> WORK TASK
Your task is to transcribe each record exactly and to omit every image.

> TASK DATA
══════

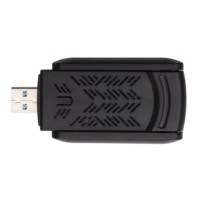 Adaptateur WiFi USB 1300 Mbps Double Bande 2.4/5Ghz Récepteur Sans Fil Externe Mini Clé WiFi pour Cartes Réseau d'Ordinateur Portable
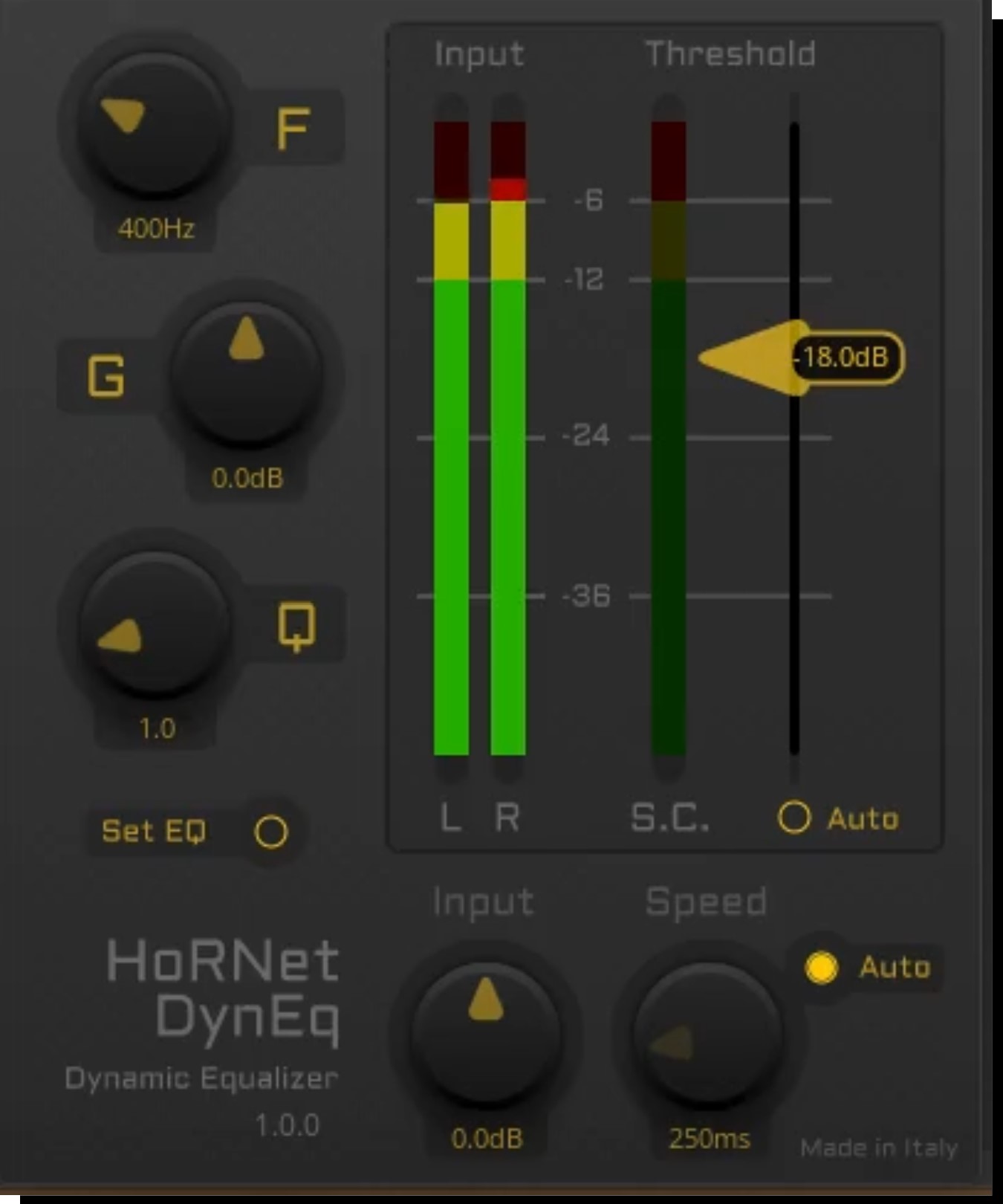 Hornet Plugins HoRNet DynEq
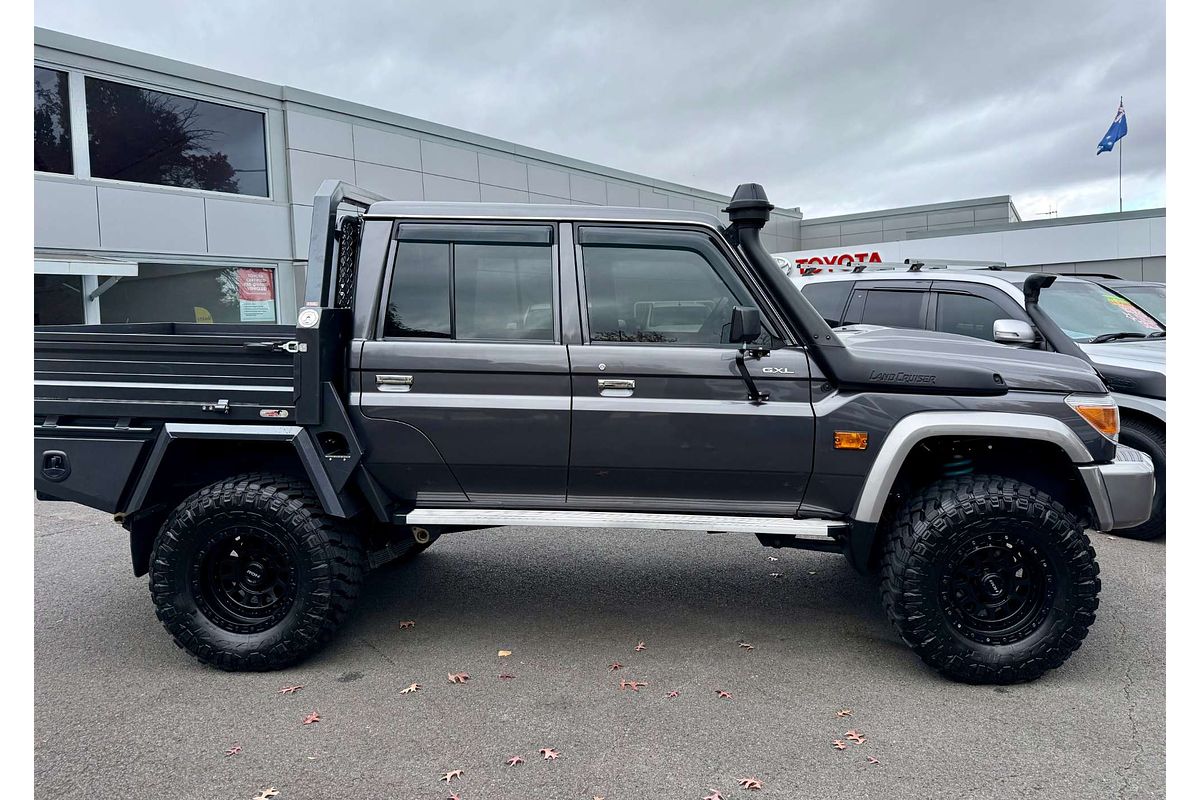 2023 Toyota Landcruiser GXL VDJ79R 4X4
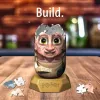 3D puzzle Ravensburger Hylkies Harry Potter Dobby, penové diely, zostavená figúrka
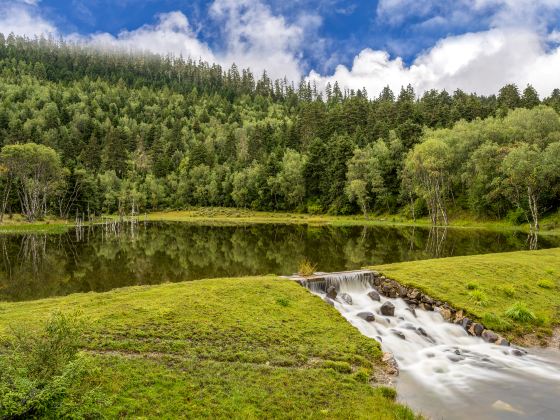 Shudu Lake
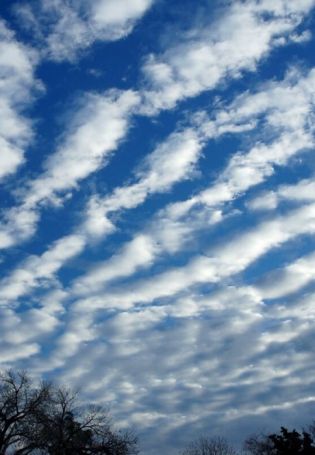 Слоистые облака (58 фото)
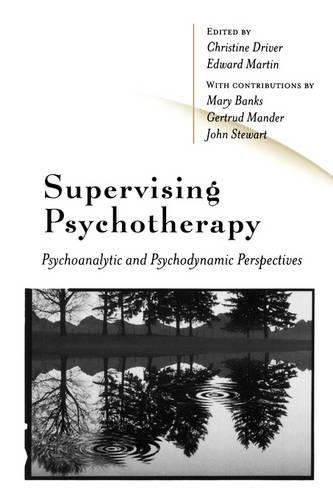 Supervising Psychotherapy
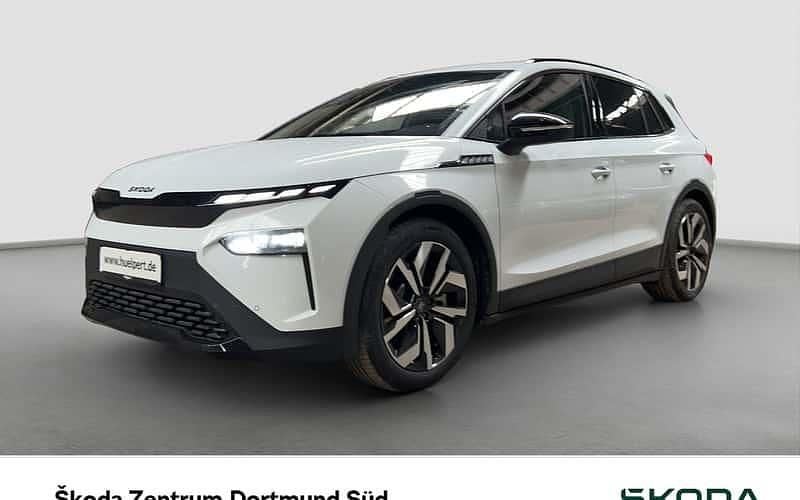 Weiß Neu 2025 Skoda Elroq SportLine SUV | 43.843 € (Superpreis) - Bild 1/4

══════

> ANSWER SPACE
 Adaptateur WiFi USB 1300 Mbps Double Bande 2.4/5Ghz Récepteur Sans Fil Externe Mini Clé WiFi pour Cartes Réseau d'Ordinateur Portable
 Hornet Plugins HoRNet DynEq
 2023 Toyota Landcruiser GXL VDJ79R 4X4
 3D puzzle Ravensburger Hylkies Harry Potter Dobby, penové diely, zostavená figúrka
 Shudu Lake
 Слоистые облака (58 фото)
 Supervising Psychotherapy
 Weiß Neu 2025 Skoda Elroq SportLine SUV | 43.843 € (Superpreis) - Bild 1/4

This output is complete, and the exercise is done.